# Bat to remove from Add/remove



## Crusnik

Is there a cmd command or anything I could use to remove a program from Add/remove programs? Looking to create a bat to remove an app off 100 machines.


----------



## DoubleHelix

You want to uninstall the programs or just remove the entries from the Add/Remove Programs list?


----------



## Squashman

Some programs do come with an uninstaller in their Program Files directory. What program is it?


----------



## Crusnik

Wanting to uninstall the program.

This isn't a well known app, but it's called ableTerm, and there doesn't look like there is an uninstalled in the program directory. Though you can manually remove it from add/remove programs.

Is there any commands or anything in a bat that will initalize an uninstall from add/remove?


----------



## DoubleHelix

A "BAT" file is a batch file which is just a collection of commands. That means you have to know what command to run that uninstalls the program. If you knew that, you wouldn't need a batch file.

Did you contact the company for support? It appears to be an extensive and/or expensive app that obviously provides some type of exclusive support.


----------



## Crusnik

Was hoping there was a cmd command one could run to initialize an uninstall from add/remove give certain parameters... Like the name of the app. Was going to throw that into a bat file.

Maybe I was hoping for too much =).


----------



## DoubleHelix

Each program has their own uninstall command / program / method. It's not a universal thing.


----------



## Crusnik

Good to know.


----------



## vinaur

All the uninstall information (if it appears in Add/Remove Programs) is stored under HKEY_LOCAL_MACHINE\SOFTWARE\Microsoft\Windows\CurrentVersion\Uninstall (at least in Windows XP) in the registry (careful when messing with that). Under that key, you will see a bunch of other keys, which would correspond to the programs in your computer. Every key contains a couple values which instruct Add/Remove Programs about how to display the entry in the list, how to remove it, etc. The value you would be interested in is the UninstallString. This entry will contain the value that you would have to put in your bash file. Technically this is the command that Add/Remove Programs app runs when you click the remove button.


----------



## Crusnik

vinaur said:


> All the uninstall information (if it appears in Add/Remove Programs) is stored under HKEY_LOCAL_MACHINE\SOFTWARE\Microsoft\Windows\CurrentVersion\Uninstall (at least in Windows XP) in the registry (careful when messing with that). Under that key, you will see a bunch of other keys, which would correspond to the programs in your computer. Every key contains a couple values which instruct Add/Remove Programs about how to display the entry in the list, how to remove it, etc. The value you would be interested in is the UninstallString. This entry will contain the value that you would have to put in your bash file. Technically this is the command that Add/Remove Programs app runs when you click the remove button.

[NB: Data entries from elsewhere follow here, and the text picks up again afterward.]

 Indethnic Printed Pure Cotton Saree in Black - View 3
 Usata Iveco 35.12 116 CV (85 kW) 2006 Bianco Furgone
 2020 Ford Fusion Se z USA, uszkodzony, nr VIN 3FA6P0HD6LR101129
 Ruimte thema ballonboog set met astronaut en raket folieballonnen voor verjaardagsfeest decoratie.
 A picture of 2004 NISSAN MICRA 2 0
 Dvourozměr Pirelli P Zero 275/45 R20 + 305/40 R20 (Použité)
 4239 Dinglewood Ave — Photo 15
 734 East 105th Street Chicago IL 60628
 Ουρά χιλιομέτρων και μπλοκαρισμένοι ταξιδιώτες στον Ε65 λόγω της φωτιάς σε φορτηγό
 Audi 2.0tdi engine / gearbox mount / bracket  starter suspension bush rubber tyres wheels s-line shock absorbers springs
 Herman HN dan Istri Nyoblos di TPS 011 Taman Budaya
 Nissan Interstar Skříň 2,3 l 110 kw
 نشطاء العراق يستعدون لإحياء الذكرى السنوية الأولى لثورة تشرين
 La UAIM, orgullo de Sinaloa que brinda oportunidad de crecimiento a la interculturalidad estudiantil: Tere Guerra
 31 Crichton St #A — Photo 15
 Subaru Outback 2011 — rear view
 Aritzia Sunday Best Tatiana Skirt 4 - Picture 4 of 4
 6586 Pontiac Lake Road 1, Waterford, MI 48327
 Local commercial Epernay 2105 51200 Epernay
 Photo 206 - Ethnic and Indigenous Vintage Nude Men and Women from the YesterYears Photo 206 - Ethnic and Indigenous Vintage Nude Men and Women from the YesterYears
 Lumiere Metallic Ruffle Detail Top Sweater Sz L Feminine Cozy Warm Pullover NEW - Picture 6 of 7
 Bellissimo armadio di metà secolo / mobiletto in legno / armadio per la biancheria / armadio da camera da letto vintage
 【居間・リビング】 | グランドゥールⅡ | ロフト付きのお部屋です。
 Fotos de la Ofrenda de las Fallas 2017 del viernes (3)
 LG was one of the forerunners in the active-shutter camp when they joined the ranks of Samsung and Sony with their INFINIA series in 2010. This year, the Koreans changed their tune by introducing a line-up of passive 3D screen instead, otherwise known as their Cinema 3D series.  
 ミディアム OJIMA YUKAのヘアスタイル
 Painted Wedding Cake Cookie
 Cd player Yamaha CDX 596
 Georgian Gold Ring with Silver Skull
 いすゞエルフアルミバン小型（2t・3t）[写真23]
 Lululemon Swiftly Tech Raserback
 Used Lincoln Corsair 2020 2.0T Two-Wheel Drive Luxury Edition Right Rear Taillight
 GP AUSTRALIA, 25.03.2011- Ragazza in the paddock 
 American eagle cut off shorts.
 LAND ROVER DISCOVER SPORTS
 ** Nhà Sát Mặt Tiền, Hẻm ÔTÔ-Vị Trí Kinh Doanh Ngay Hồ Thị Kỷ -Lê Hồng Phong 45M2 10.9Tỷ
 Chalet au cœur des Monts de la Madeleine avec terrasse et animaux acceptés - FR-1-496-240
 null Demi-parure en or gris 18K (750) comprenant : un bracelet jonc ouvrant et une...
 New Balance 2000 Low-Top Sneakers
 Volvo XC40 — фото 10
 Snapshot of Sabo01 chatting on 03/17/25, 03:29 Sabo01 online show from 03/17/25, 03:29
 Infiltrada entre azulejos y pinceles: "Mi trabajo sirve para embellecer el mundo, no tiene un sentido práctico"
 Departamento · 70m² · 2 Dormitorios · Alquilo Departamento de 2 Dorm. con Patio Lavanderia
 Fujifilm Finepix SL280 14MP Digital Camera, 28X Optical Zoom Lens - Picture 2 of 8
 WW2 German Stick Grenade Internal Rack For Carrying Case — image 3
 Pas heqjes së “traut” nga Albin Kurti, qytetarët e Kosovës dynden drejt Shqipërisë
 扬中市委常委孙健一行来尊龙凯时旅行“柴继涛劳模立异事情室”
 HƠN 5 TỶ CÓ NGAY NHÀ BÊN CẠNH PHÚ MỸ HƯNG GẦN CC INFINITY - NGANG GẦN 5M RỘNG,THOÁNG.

vinaur, you're my hero =p. Found the information I needed right there in the UninstallString. Found out it uses MsiExec to initilize the uninstall. And with MsiExec, you can do a slient install if you add /qn to the end of the string. Flawless. Thanks again.


----------



## JohnWill

There is a program called PC Decrapify that uses AutoIt to do exactly that in scripts. It presents a list of installed programs and lets you pick what you want to uninstall.


----------



## Crusnik

JohnWill said:


> There is a program called PC Decrapify that uses AutoIt to do exactly that in scripts. It presents a list of installed programs and lets you pick what you want to uninstall.


I'll have to check that out too =).


----------



## JohnWill

The source used to be available, but I can't find it now. I use AutoIt for other applications, and it has pretty good manipulation of the registry, so it would be easy to create something like this.


----------



## onlinegal

You guys both rock! This was exactly what I needed. Glad I found you
~jules

Crusnik Quote:
Originally Posted by *vinaur* 
_All the uninstall information (if it appears in Add/Remove Programs) is stored under HKEY_LOCAL_MACHINE\SOFTWARE\Microsoft\Windows\CurrentVersion\Uninstall (at least in Windows XP) in the registry (careful when messing with that). Under that key, you will see a bunch of other keys, which would correspond to the programs in your computer. Every key contains a couple values which instruct Add/Remove Programs about how to display the entry in the list, how to remove it, etc. The value you would be interested in is the UninstallString. This entry will contain the value that you would have to put in your bash file. Technically this is the command that Add/Remove Programs app runs when you click the remove button._

vinaur, you're my hero =p. Found the information I needed right there in the UninstallString. Found out it uses MsiExec to initilize the uninstall. And with MsiExec, you can do a slient install if you add /qn to the end of the string. Flawless. Thanks again.


----------